Three Republican presidential candidates have now refused to sign “The Marriage Vow.” “The Marriage Vow” is a document created by a group of Christian conservatives.
Bob Vander Plaats of The Family Leader says the intent is to highlight the country’s marriage crisis, but other issues tacked onto the pledge have sparked attention, like a section with a slavery reference that has been removed. Republican presidential candidate Mitt Romney has issued a statement, saying he “strongly supports traditional marriage,” but finds parts of The Family Leader’s document “undignified and inappropriate.”
Another candidate, Tim Pawlenty, issued a statement saying he has “deep respect” for the “sanctity” of traditional marriage, but Pawlenty declined to sign The Marriage Vow as his way of showing “compassion to those who are in broken families through no fault of their own.”
Former New Mexico Governor Gary Johnson, another candidate for the presidency, last week called The Vow “offensive” and the kind of document that “gives Republicans a bad name.” On Monday, Republican presidential candidate Newt Gingrich hasn’t signed the pledge either, but said during an event sponsored by The Family Leader that he would suggest some edits before he’d sign it.

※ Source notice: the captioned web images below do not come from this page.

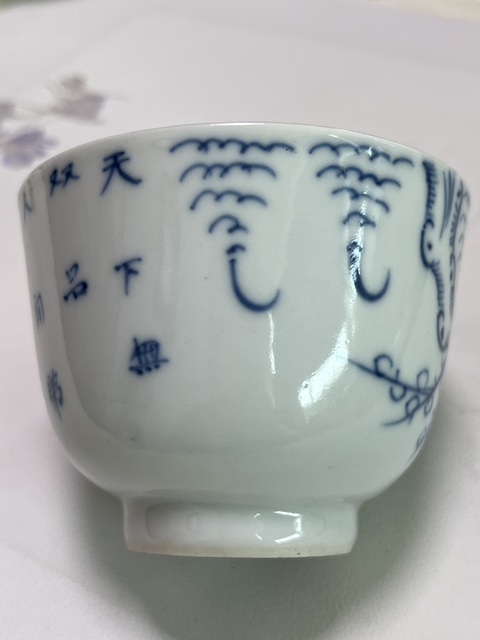 古玩陶瓷青花杯真品鑒賞圖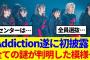 【櫻坂46】Addiction遂に初披露！全ての謎が判明した模様…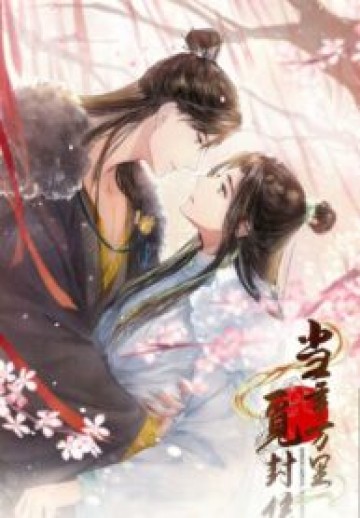 These Years In Quest Of Honour Mine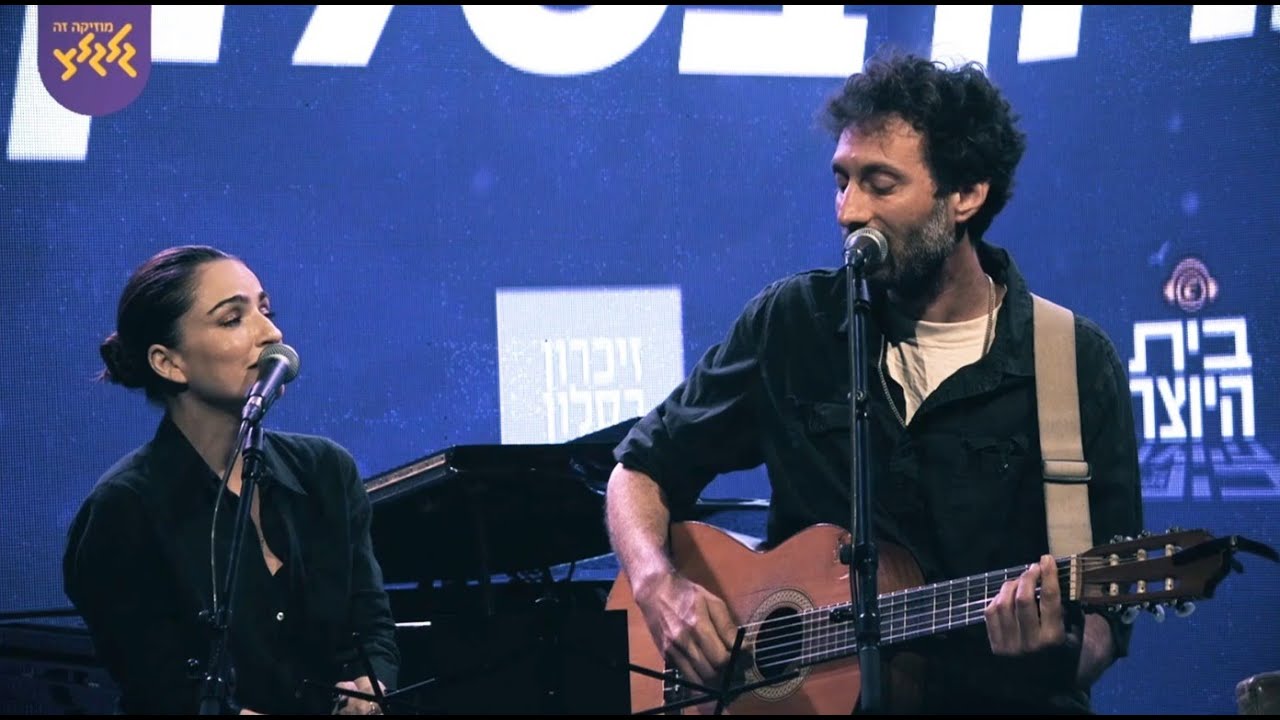שיר ללא שם - אניה בוקשטיין ואלון עדר מתוך זיכרון בסלון תשפ״ב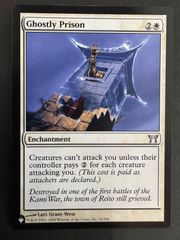 MTG 新緑の地下墓地 日本語 旧枠 MH2 モダンホライゾン2 4枚セット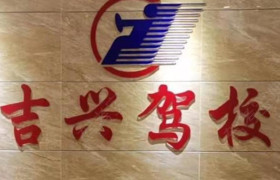 吉兴驾校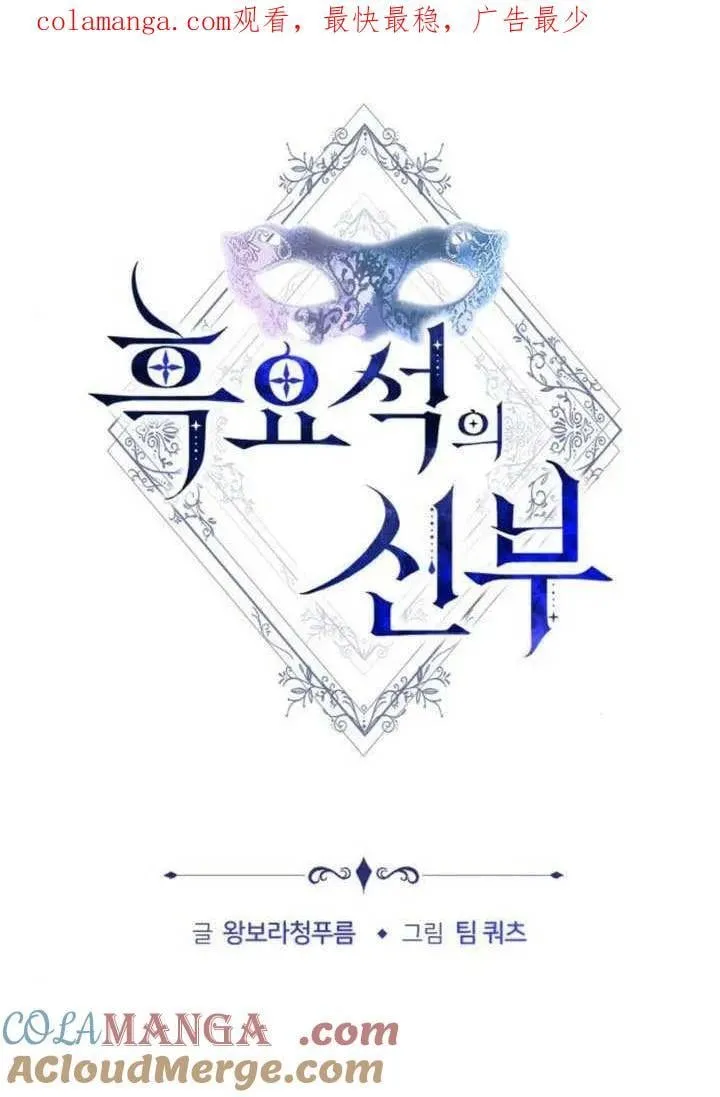 第80话210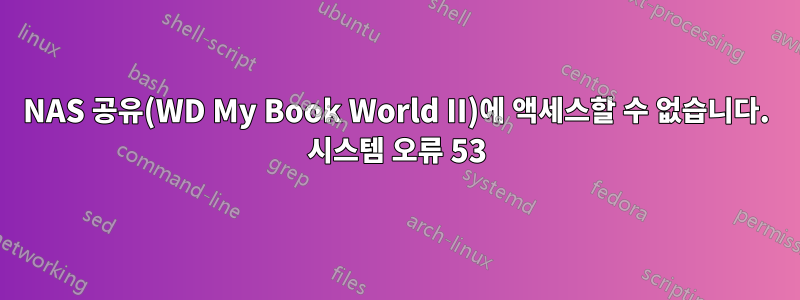 NAS 공유(WD My Book World II)에 액세스할 수 없습니다. 시스템 오류 53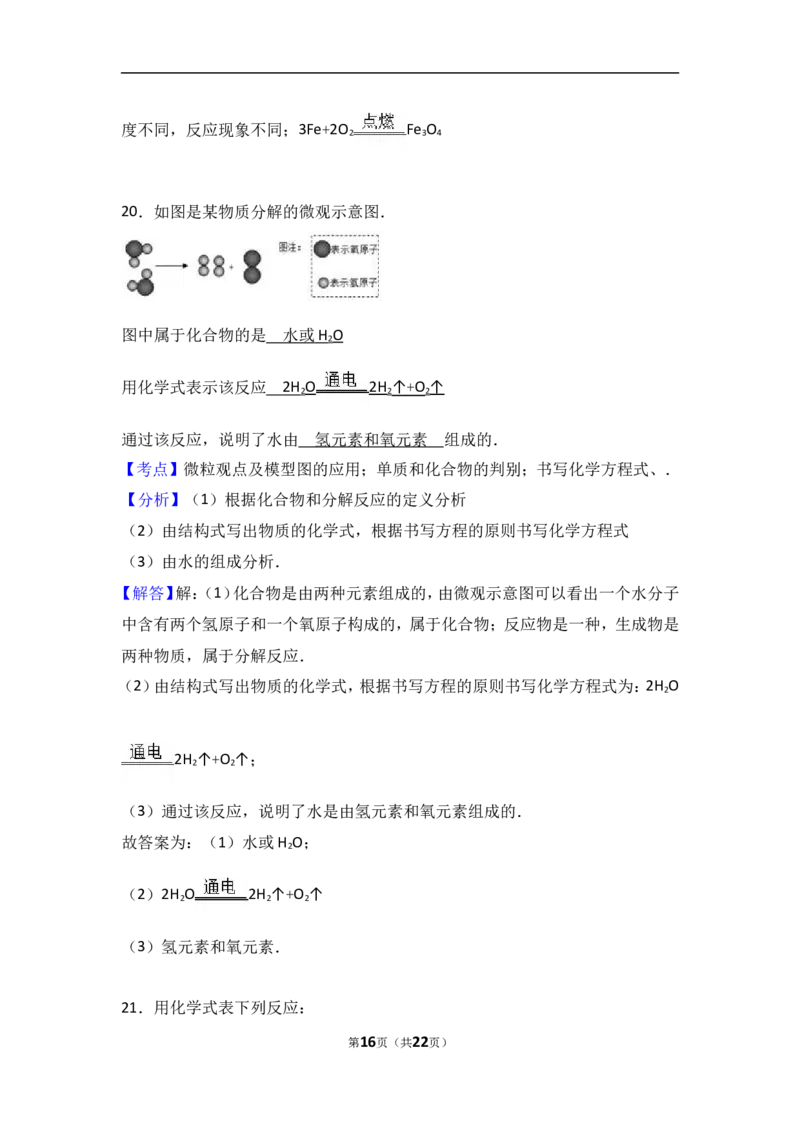 河南省驻马店市上蔡一中2017届九年级（上）期中化学试卷（解析版）_初中化学_01.人教版初中化学_01.初中化学课件PPT--教案--试题_初中化学18年试卷_人教版九年级化学上册2018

Candidates Michele Bachmann and Rick Santorum signed onto The Marriage Vow last week. Comedian Stephen Colbert mocked the document last night during his Comedy Central show.
Vander Plaats says critics of The Family Leader are “distorting the facts and misrepresenting” the vow. He says having presidential candidates sign the pledge “will provide Americans with evidence of a higher standard and model” that will strengthen marriages and families.